→ Task instructions:
Retype the listing below line for line, but only from the line with "Sri Ramachandra University Admission" down to the line with "SuperSpar Pure Soap Assorted offer", inclusive. Pictures stay out.

:: Records to use

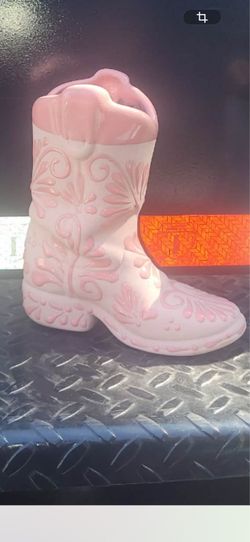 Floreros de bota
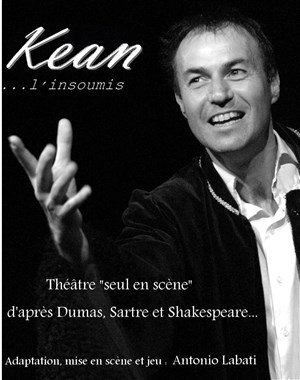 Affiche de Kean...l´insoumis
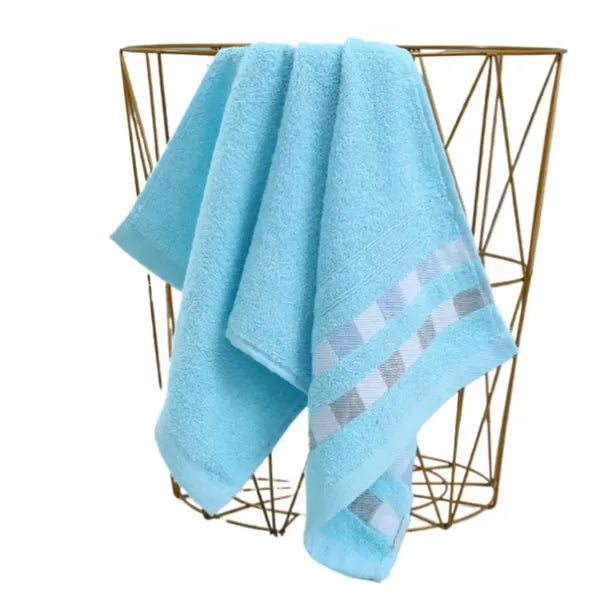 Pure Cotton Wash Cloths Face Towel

::::
:: Records to use

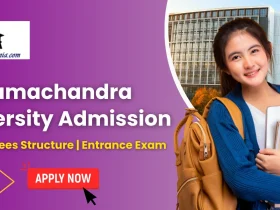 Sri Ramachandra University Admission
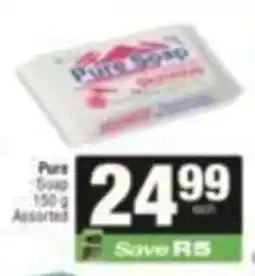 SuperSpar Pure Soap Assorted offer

::::
:: Records to use

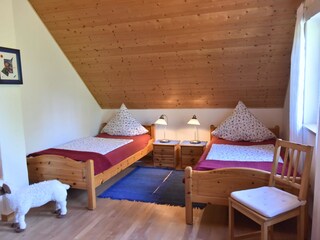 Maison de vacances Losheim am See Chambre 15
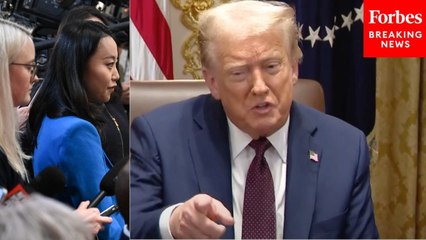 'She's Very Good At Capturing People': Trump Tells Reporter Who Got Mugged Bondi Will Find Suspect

::::

→ Solution for this exercise:
 Sri Ramachandra University Admission
 SuperSpar Pure Soap Assorted offer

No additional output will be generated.